É muito fácil criticar. Há até na crítica um certo sentimento de irmandade, solidariedade e compreensão mútuas. As pessoas encontram-se na crítica, como se encontram com os amigos: de forma acrítica. Mas não se encontram nas soluções para os problemas e termina aí a ilusão da aparente comunhão de ideias. Jorge de Sena a todos zurze com violência, mas, embora pareça querer ficar de fora, como que a dizer "eu sou diferente", não o consegue (ou não quere).

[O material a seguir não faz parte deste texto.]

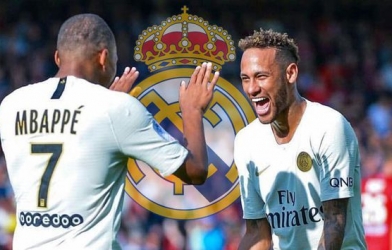 Chuyển nhượng ngày 13/3: Real muốn mua cả Mbappe và Neymar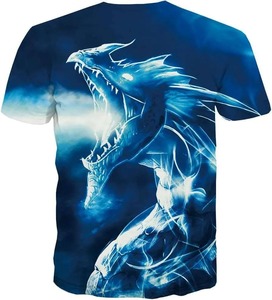 Camisetas de fibra de bambú 100% para hombre, camisetas de secado rápido para gimnasio, camisetas transpirables de manga corta para hombre al por mayor - Product Image 3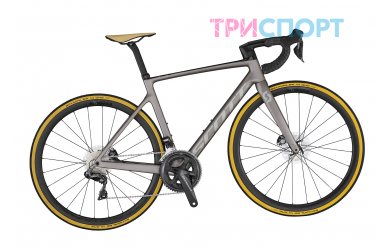 Scott Addict RC 15 grey / 2020 / Велосипед шоссейный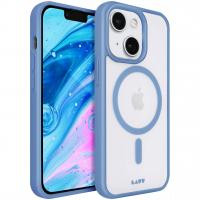 LAUT HUEX PROTECT with MagSafe IMPKT Cell Technology for iPhone 14 Plus, Ocean Blue (L_IP22C_HPT_BL) - зображення 1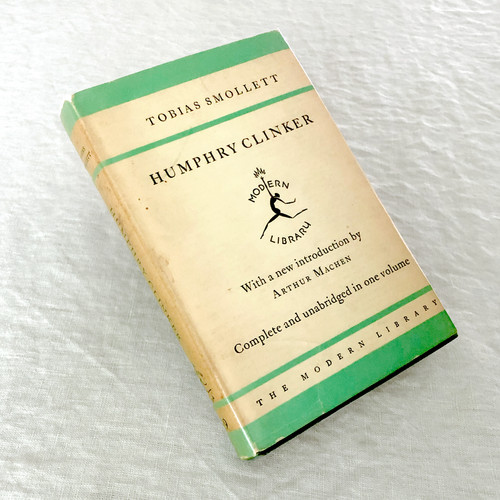 Humphry clinker modern library - clinker,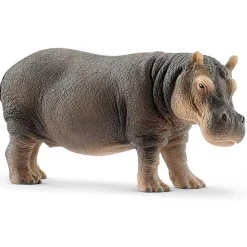 Hot Hippopotamus Model Animals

É isso o mais humano e genial deste poema típico de crítica consensual...


Que adianta dizer-se que é um país de sacanas?
Todos os são, mesmo os melhores, às suas horas,
e todos estão contentes de se saberem sacanas.

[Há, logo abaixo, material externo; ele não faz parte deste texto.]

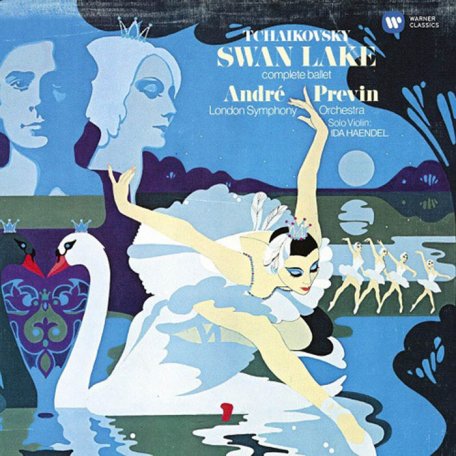 Виниловая пластинка Andre Previn TCHAIKOVSKY: SWAN LAKE (180 Gram/Gatefold/Remastered)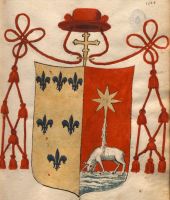 Arms (crest) of Tiberio Crispi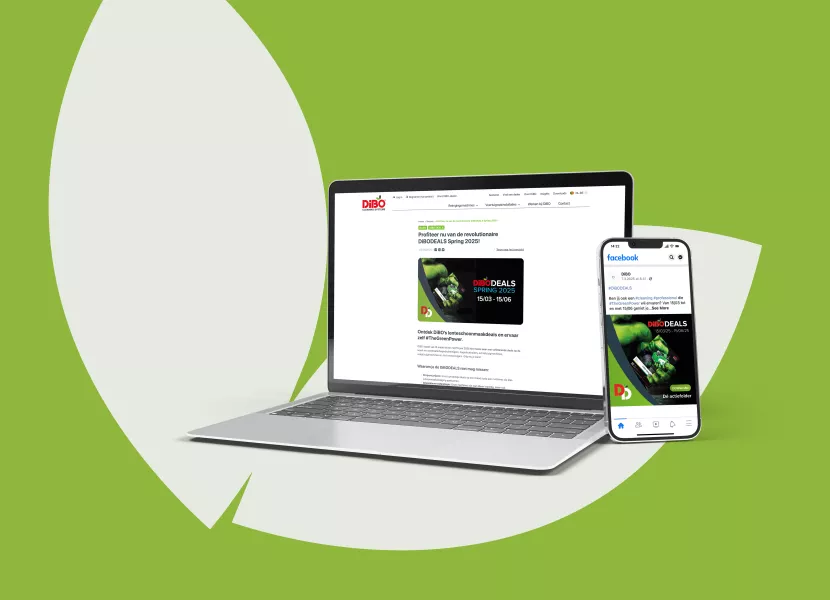 Dibo connaît la puissance de la communication cross-média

Não há mesmo melhor do que uma sacanice
para poder funcionar fraternalmente
a humidade de próstata ou das glândulas lacrimais,
para além das rivalidades, invejas e mesquinharias
em que tanto se dividem e afinal se irmanam.

Dizer-se que é de heróis e santos o país,
a ver se convencem e puxam para cima as calças?
Para quê, se toda a gente sabe que só asnos,
ingénuos e sacaneados é que foram disso?

Não, o melhor seria aguentar, fazendo que se ignora.
Mas claro que logo todos pensam que isto é o cúmulo da sacanice,
porque no país dos sacanas, ninguém pode entender
que a nobreza, a dignidade, a independência, a
justiça, a bondade, etc., etc., sejam
outra coisa que não patifaria de sacanas refinados
a um ponto que os mais não são capazes de atingir.
No país dos sacanas, ser sacana e meio?
Não, que toda a gente já é pelo menos dois.
Como ser-se então nesse país? Não ser-se?
Ser ou não ser, eis a questão, dir-se-ia.
Mas isso foi no teatro, e o gajo morreu na mesma.